How prices are moving

The cool-down is not hitting every type of home the same way. Metro data from Redfin show a typical Miami home at around $680,000 in March, and the first quarter market report from Miami Realtors also pegs the quarter’s median near $680,000. That pairing, fairly steady medians alongside softer condo sales and longer listing times in parts of the county, signals a market that still has plenty of appetite at the high end while quietly handing more negotiating power to buyers in weaker segments.

Municipal winners and losers

The municipal breakdown from the Property Appraiser draws some sharp contrasts. Florida City’s estimated taxable values climbed about 11.7%, and Opa-Locka’s rose roughly 10.4%, including new construction in both. Indian Creek saw an increase of about 10.3% with no new construction recorded at all. North Miami Beach posted the biggest gain in existing-property values, roughly 15.2%, even though its new-construction figure went negative last year, signaling that demolitions outpaced additions. Aventura, by contrast, barely budged, with existing values rising less than 1% and only about $7 million in new construction this year. All of these municipal figures come from the Property Appraiser’s June 1 estimates.

What it means for owners and budgets

Because those June 1 estimates feed directly into local budget planning, a modest countywide bump can still leave some city halls scrambling while others discover an unexpected cushion. Budget staffers and elected officials are also keeping a close eye on state-level property tax relief proposals and the calculations that will shape fall tax bills, as reported by the Miami Herald.

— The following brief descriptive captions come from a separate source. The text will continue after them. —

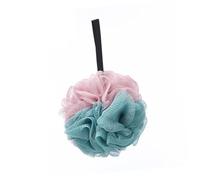 WRITWAA Exfoliating Shower Ball Soft Bath Sponge Pouf for Gentle Cleansing and Full Lather Random Color for Daily Body Care and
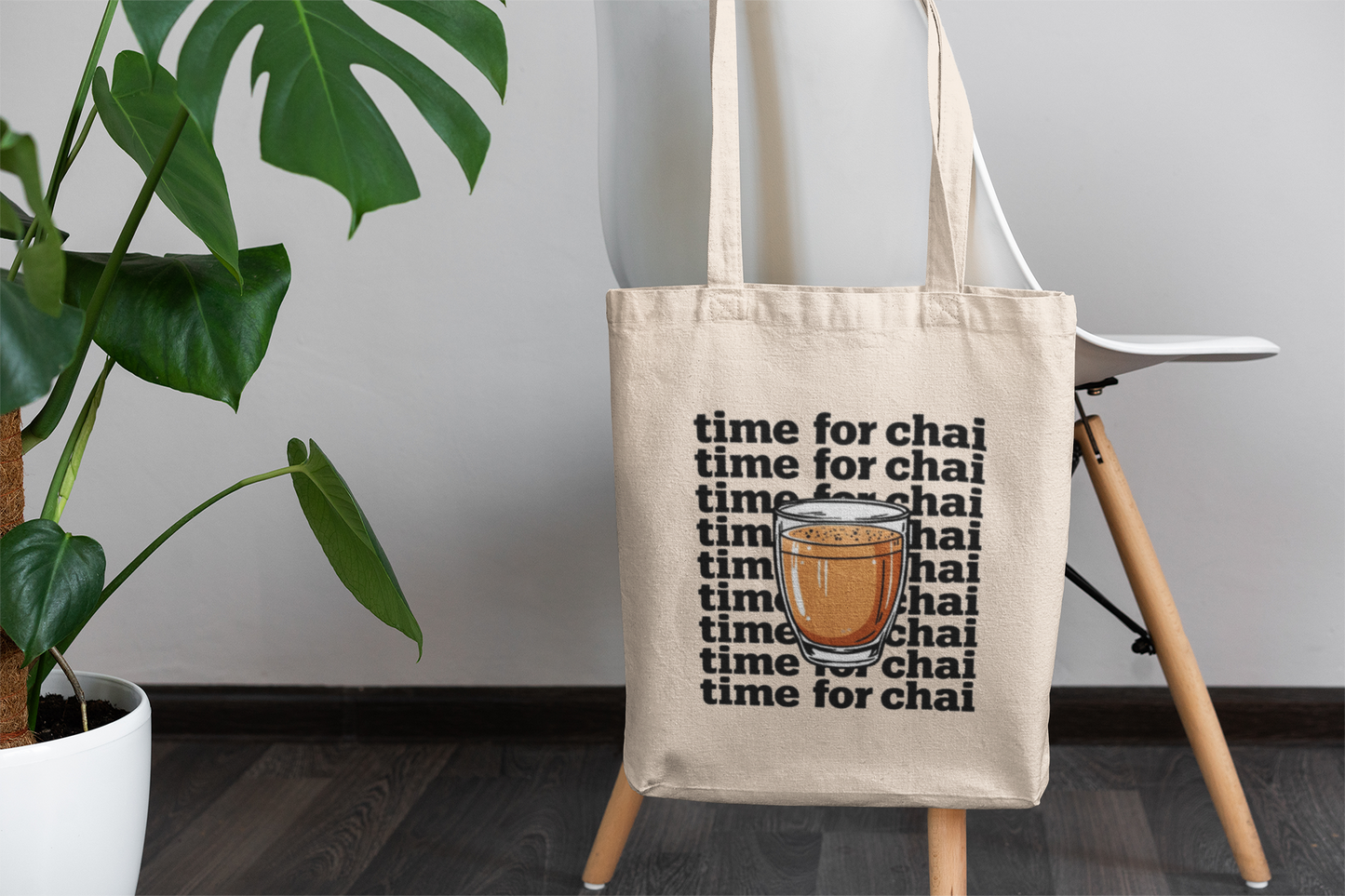 Time for Chai Tote Bag
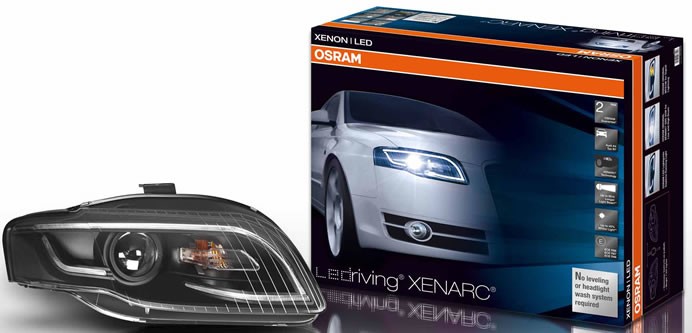 Osram_ LEDriving Xenarc headlight for the Audi A4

For homeowners, especially condo owners in older buildings, the pressure is much more personal. Tougher inspection, recertification and reserve-fund rules have driven up association costs and can chip away at resale values. Legal and industry reviews of the post-Surfside regulatory changes find that these inspection and reserve requirements are reshaping the condo landscape and, in many cases, increasing the cost of owning units in aging buildings, according to the American Bar Association.